Sometimes Mother Nature gives us a reminder of how much we’ve screwed up the planet. That’s certainly happening right now in the western U.S., with an extreme drought serving to highlight human mismanagement of both water and land use in the region. While most of the focus has been on urban and agricultural water limitations, there’s also an impact on wildlife.
The Salton Sea is the largest lake in California. It also didn’t even exist until 1905, at least not in recorded history in the West. The Colorado River has long been an overused water source for a water-thirsty West, and in 1905 an accidental break in canals diverting water from the Colorado River resulted in two years of ALL Colorado River water flowing into the Salton Sea basin. Since its formation, it has sporadically served as a resort destination, extremely productive fishery, and habitat for millions of migratory birds.

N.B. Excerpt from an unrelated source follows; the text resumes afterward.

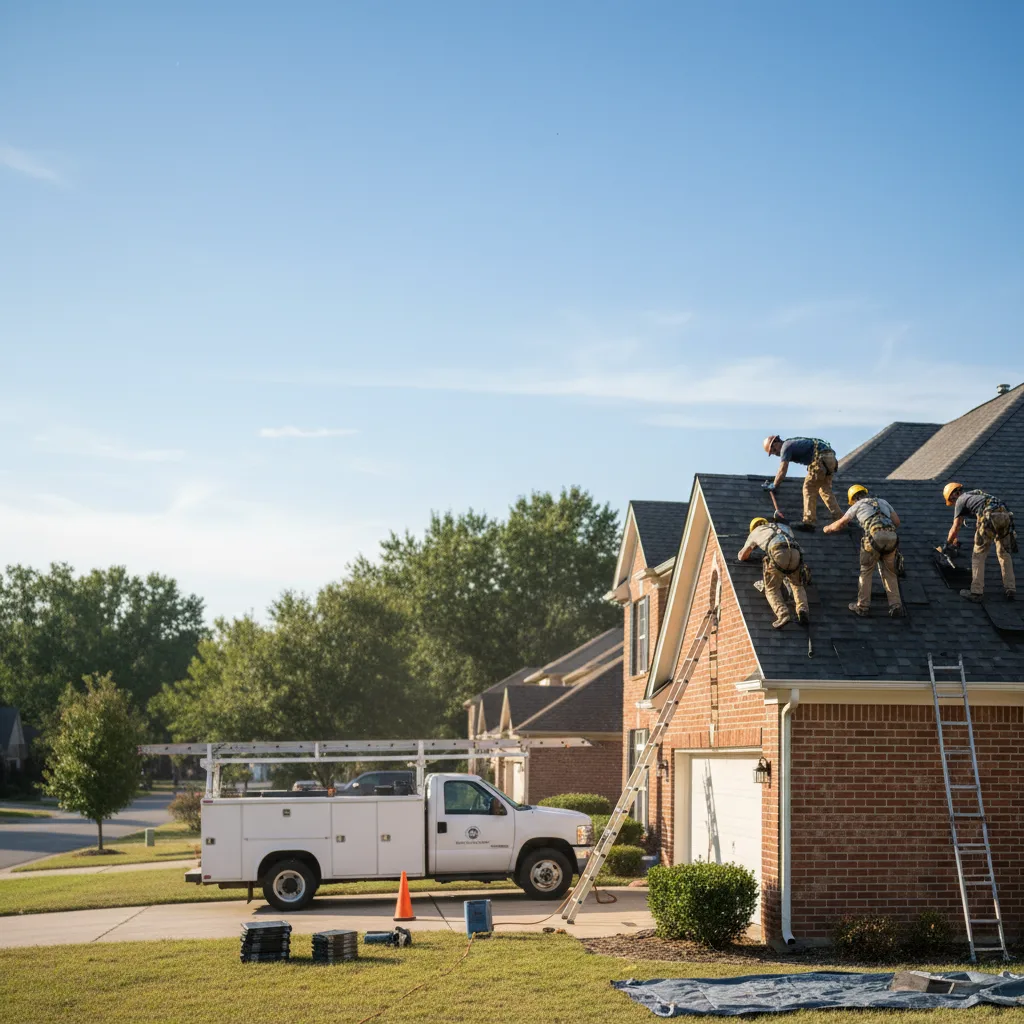 Roof Repair in Mcgaheysville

What’s that you say? Habitat for millions of birds, and a bird crazy person like myself is saying “good riddance” to the Salton Sea? Yes, without reservation. The basin holding the Salton Sea HAS occasionally naturally filled with water over the past several thousand years, but the accident that created the current version of the Sea was anything but natural. Before settlement of the West, the Colorado River flowed into the Gulf of California, creating a vast delta where it entered the ocean. Once California, Nevada, and Arizona started diverting water from the Colorado, those flows to the ocean diminished, to the point that NO water from the Colorado regularly reaches the Gulf of California anymore. A planned pulse of water was allowed to reach the Gulf in 2014, but other than that, water has only sporadically (and rarely) reached the Gulf since the 1950s.

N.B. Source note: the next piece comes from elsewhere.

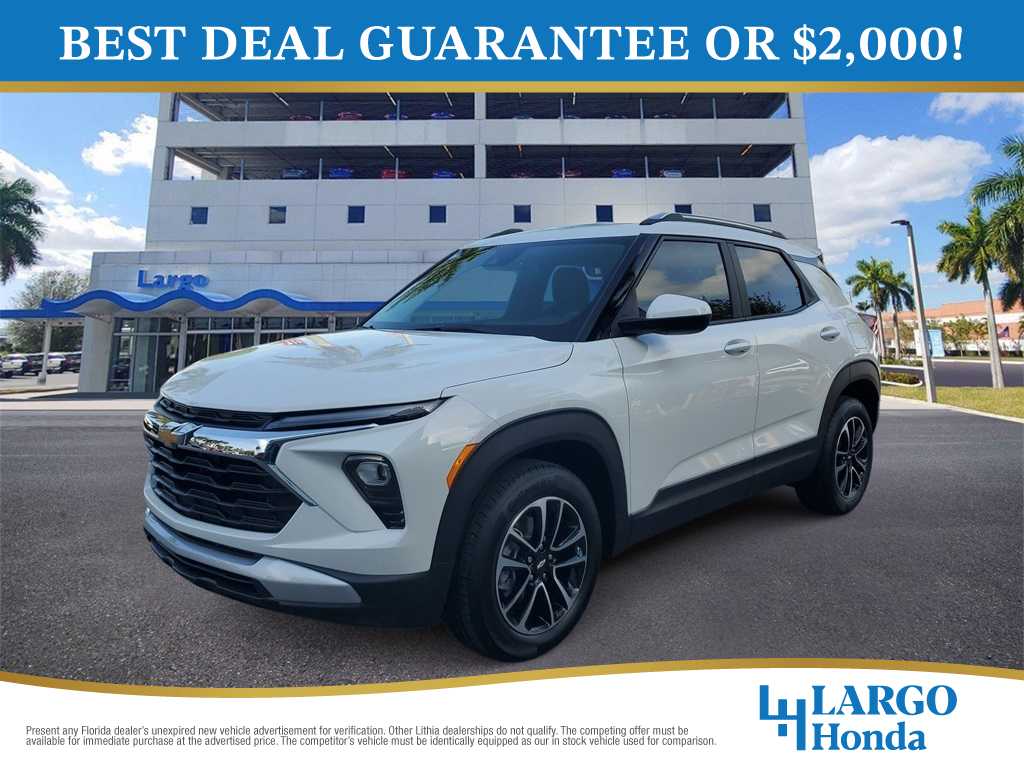 2025 Chevrolet TrailBlazer LT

The Colorado River’s delta has long since dried up, taking with it the natural habitat that was once found there. Has the Salton Sea been a boon to bird life in the West? Perhaps, although it’s hard to judge the tradeoff of creating the Salton Sea, but losing the Colorado Delta and riparian habitat associated with the Colorado River. What everybody agrees on is that as the Salton Sea continues to shrink, there are serious health and environmental issues that are likely to occur. The boom days of the Salton Sea are long past. The resorts are gone, and the now extremely salty water is only able to support Tilapia, who themselves are now subject to periodic fish kills due to poor water conditions. Diverted water from the Colorado continues to enable agriculture in the region, but as the recent drought is showing, there simply isn’t enough water to go around in the West.

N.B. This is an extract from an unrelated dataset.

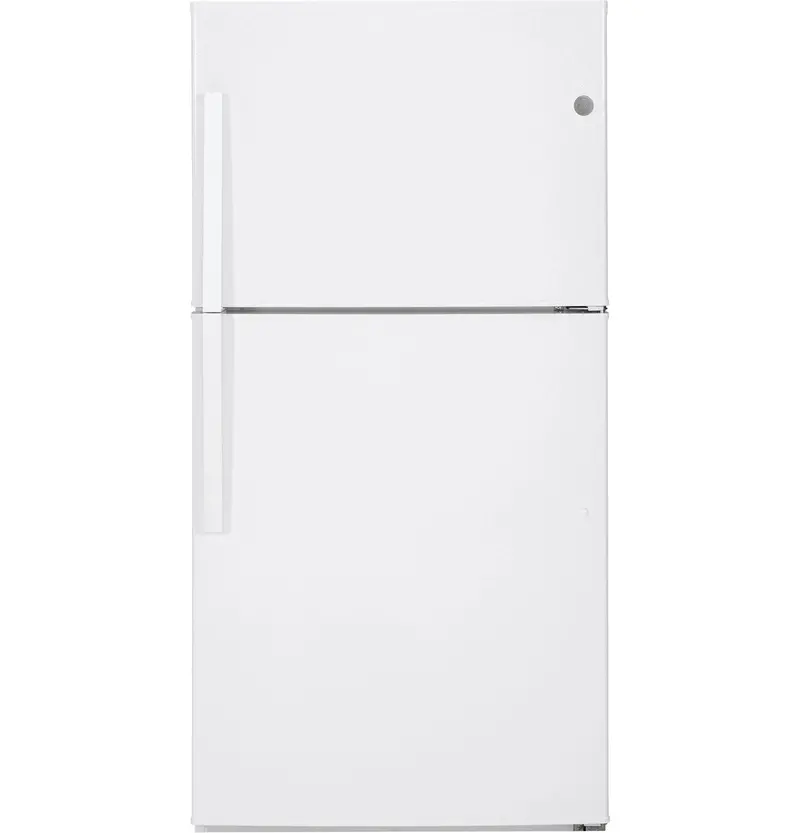 Ge Energy Star® 21.1 Cu. Ft. Top-Freezer Refrigerator 1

“Fixing” the Salton Sea would again require diverting massive amounts of water from the Colorado River. There simply isn’t enough of a water resource to support the Salton Sea, the Colorado Delta, and a booming human footprint in the West. And so I say…good riddance to the Salton Sea, IF it means restoring natural flows to the Colorado Delta and Gulf of California. Yes, there will be health and environmental issues to deal with in the aftermath of the demise of the Salton Sea. But as Mother Nature has again reminded us with the western drought, there are consequences for only thinking about short-term economic gain and human well-being, and failing to consider sustainability and long-term consequences.